The Greenville, OH, couple first made plans to expand the contract feeder pig finishing portion of their hog operation in the fall of 1998. Then they got an alarming telephone call. A reporter wanted to know how it felt to be named the defendant in a $10-million lawsuit.
Three Neighbors Sue
The lawsuit for an injunction against construction was filed in Darke County, OH, District Court by three of the Knapkes' neighbors. It claimed expansion would be a nuisance and “create substantial adverse impact on the health, welfare and safety of the community.”
Those three neighbors have an interesting connection, points out Knapke. The lead plaintiff is a realtor (who settled out of court prior to the award of damages). The second owns a construction company that was the building contractor for the farm in the mid-70s. The third lived and worked on the farm, raising hogs under contract, as it was going through bankruptcy in the early to mid-80s. This neighbor also farmed land for both the first and second neighbors.
The three plaintiffs expressed concern that the proposed expansion would reduce future property values.
Knapke acquired the farm in 1987. Besides the contract finishing business he started, the farm includes a 180-sow, farrow-to-finish operation. He stresses there were never any environmental complaints prior to the lawsuit.
In December 2000, Judge William Millard found evidence lacking to prove a nuisance case and denied the plaintiffs' request for an injunction.

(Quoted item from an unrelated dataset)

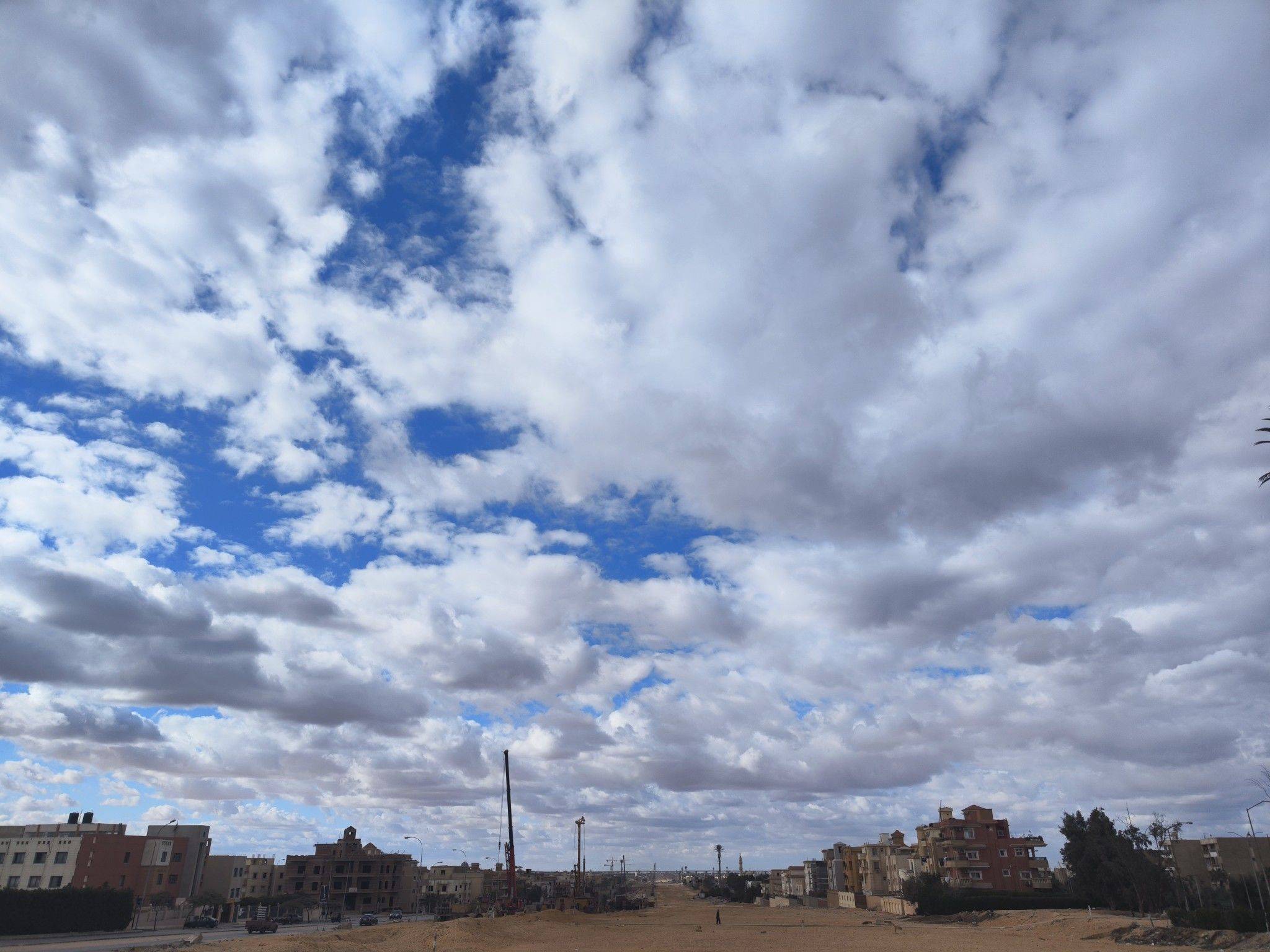life_photo_1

Construction of a two-room, double-wide finisher was completed in the fall of 2001.
In March 2002, the judge awarded the Knapkes damages in the amount of $144,500 for lost production income and attorneys fees. The plaintiffs have appealed the damages ruling, says Leisa Boley Hellwarth, Knapke's attorney.
Hellwarth is a dairy farmer and attorney who represents farmers throughout Ohio from her office near Celina, OH. She can be reached at (419) 586-1072 or [email protected].

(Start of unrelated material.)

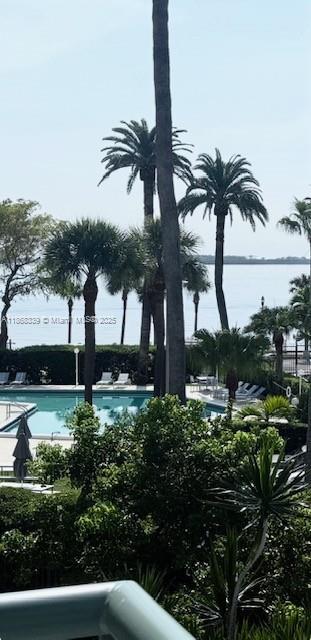 1408 Brickell Bay Dr #303 Miami, FL 33131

Tony Knapke says the ruling “was about like winning the Super Bowl of agriculture.” He credits Cooper Farms of Ft. Recovery, OH, his hog contractor, for footing the legal bills.
Neil Diller, Cooper Farms general manager, says it was time to take a stand against lawsuits based on scare tactics. He hopes this ruling “sends a message to people that they better have a concrete basis for suing producers.”
Also supporting Knapke were the Ohio Pork Producers Council, Ohio Farm Bureau and Ohio Livestock Coalition.